Barry Burke may want to riff on Britney Spears in his latest post, but I think I will channel Lucinda Williams instead. Besides being two or three decades older than Ms. Spears, Lucinda is also gifted with wisdom and passion, qualities sadly lacking in little Miss Train-Wreck-In-Slow-Motion-Spears. So, it is Lucinda's words that title this post.
And, I like to think that it is time for a little Peace, Love and Revolution in the world of backup and recovery. Mostly revolution though. The peace and love can come as we, as an industry, work to make things better.
The revolution we need is a re-think of our backup applications.
Because backup applications are not keeping up with what the hardware is capable of. I think that backup applications just haven't done a good job of maximizing the potential of virtual tape or deduplication appliances. Actually, let's be honest: they have done a terrible job of it.
I could go on and on about how virtual tape is better than physical tape, and aside from the issue of cost, I don't think I would get much argument from anybody. It is more reliable, faster to backup to, much faster to recover from, and more flexible.
Deduplication offers some of these benefits too. But it does two more things: it gives us an extremely cost effective way of storing very large amount of backup data, and it gives us an extremely cost effective and low bandwidth way of replicating data to a second site.

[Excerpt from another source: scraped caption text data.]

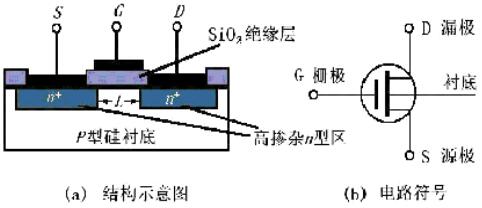 分析cmos电路逻辑 分析cmos电路逻辑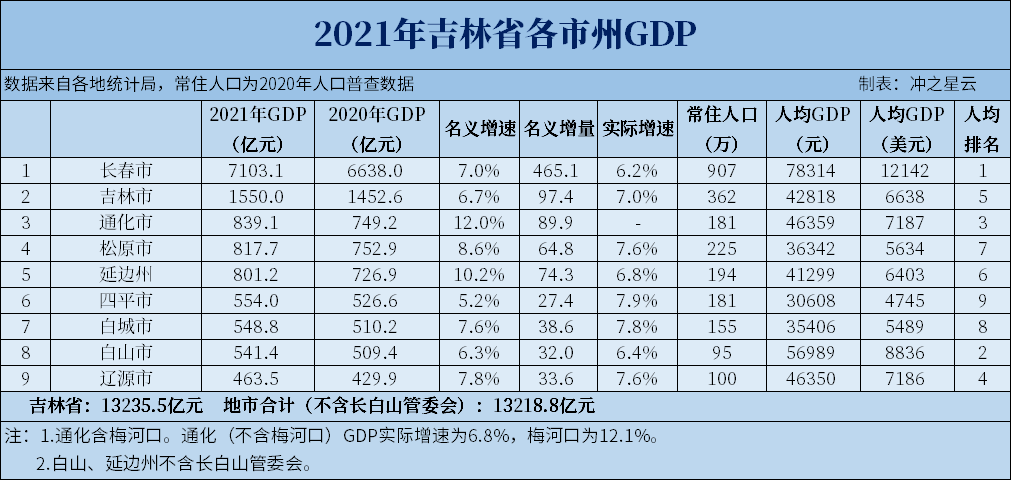 2021年吉林各市GDP和人均GDP排名出炉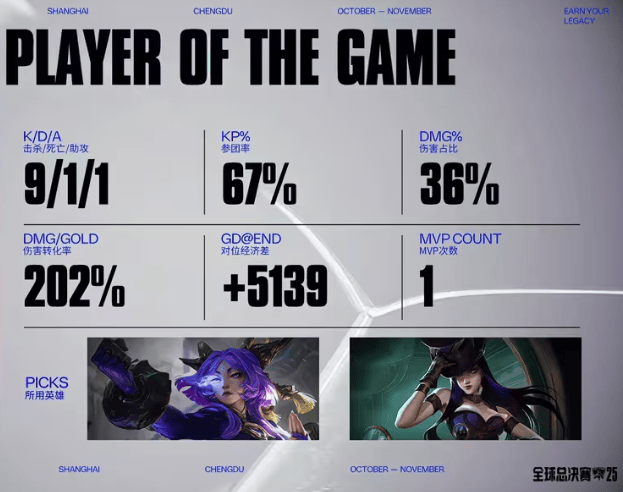 队齐聚一堂, 现出色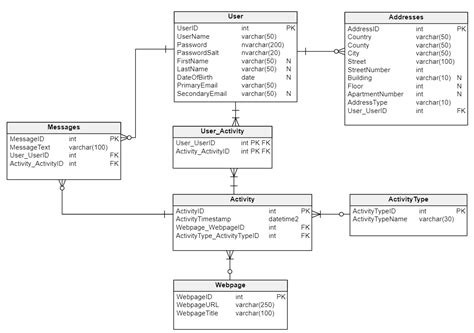 A Database Design for User Profiles | Vertabelo Database Modeler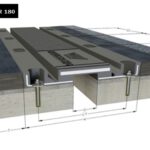 3.1 enkelvoudig 3d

However, virtual tape is used in almost exactly the same way as physical tape is. Same processes and procedures. Same concept. I would argue that this is one of the reasons it has been so successful: if you don't want to, you don't have to change much of anything when you move to virtual tape, and your backup environment will just be better.
Fine. I guess I can forgive the application vendors if the applications don't treat virtual tape differently than physical tape, in the main.
But if this happens with deduplication systems, it will be really unfortunate.
Why do we have to work with the same processes and procedures, the same old operational same old, the same architectures, with deduplication systems?
Because backup applications insist on treating them this way.
Why can't I replicate data via the appliance and have my backup application recognize what just happened?
Why can't I create a second copy of the backup data with a different retention period that is strictly pointer-based? (Instead, I have to "dupe" or "vault" data which involves reading it from the appliance, through a media server, and back out to the same or a different device.)
Why can't appliances write a physical tape if required without a lot of intervention or intermediation from the application, and then let the backup application know when it is done?
Let me pick on the first one here in detail. At the moment, when I use deduplication, I have two choices on how to replicate my data to a second site.
And both of them are bad.
The first choice is that I let my backup application do the replication. This is good because it means by application now "knows" that I have a second copy of the data at a second location. But it is bad, because as soon as I replicate data with the application, I have to rehydrate the data before I transmit it to the second site. This means that I lose all the bandwidth savings offered by deduplication. That is really, really bad.
The second choice is that I use by deduplication appliance to replicate the data. So far, so good. However, when I do that, I end up with a second virtual tape at the target set with the same virtual bar code as the tapes at the primary site. And, to make matters worse, my backup application doesn't even know the second copy exists. Which makes it almost impossible to utilize in an ongoing operational process (such as doing restores for QA or test/dev databases) and very difficult to use in a disaster recovery process. This is really, really bad too.
Why can't my backup application either instruct the appliance to replicate, and make an entry into the catalog of retained data? Or, why can't my appliance notify the backup application of the second, remote copy?
And how do I coordinate this with the database used by the backup application to hold its catalog of data protected, virtual and physical tapes, and so on?
Answer: at the moment, I can't.
More precise answer: I can, but it is an enormous pain, and it means constructing something like consistency groups that involve both the disk which stores the backup application database, and the disk which holds either the virtual tape, or the deduplicated data.
Which is crazy difficult, expensive, and explains why almost nobody does this.
There has to be a better way. There is a better way. But we need the backup application vendors to step up. We need them to admit that the hardware is now capable of much more than the backup applications. We need them to realize that we can do things better.
Can you imagine how easy backup would be if I could backup up to a virtual tape appliance. Deduplicate the data. Have my backup application instruct the appliance to replicate. Transmit the deduplicated data (only). And instruct a remote backup server that it now has a copy of the data, to do with as it wishes. And informs it of the appropriate database and catalog entries for that data. And checkpoints them with the replicated data.
There is a synergy in making deduplication and virtual tape work in harmony with the backup application. We, as an industry, and we, as backup administrators, operators, and architects, NEED that synergy.
We need the revolution. We need things to be better.
It is not every day that a real opportunity to make things better comes along. Virtual tape and deduplication have given backup application developers that opportunity.
To waste the opportunity would be a tremendous shame.
So it is time for a little out of the box thinking. It is time to make the world of backup a better place.
It is time for a little peace, love and revolution.
P.S. This is as vendor agnostic a post as I will ever make. My plea goes out to each and every backup application vendor: EMC, IBM, Symantec, and all the rest of them. As far as I know, none of them comes remotely close to getting it right. And it is about time that somebody did.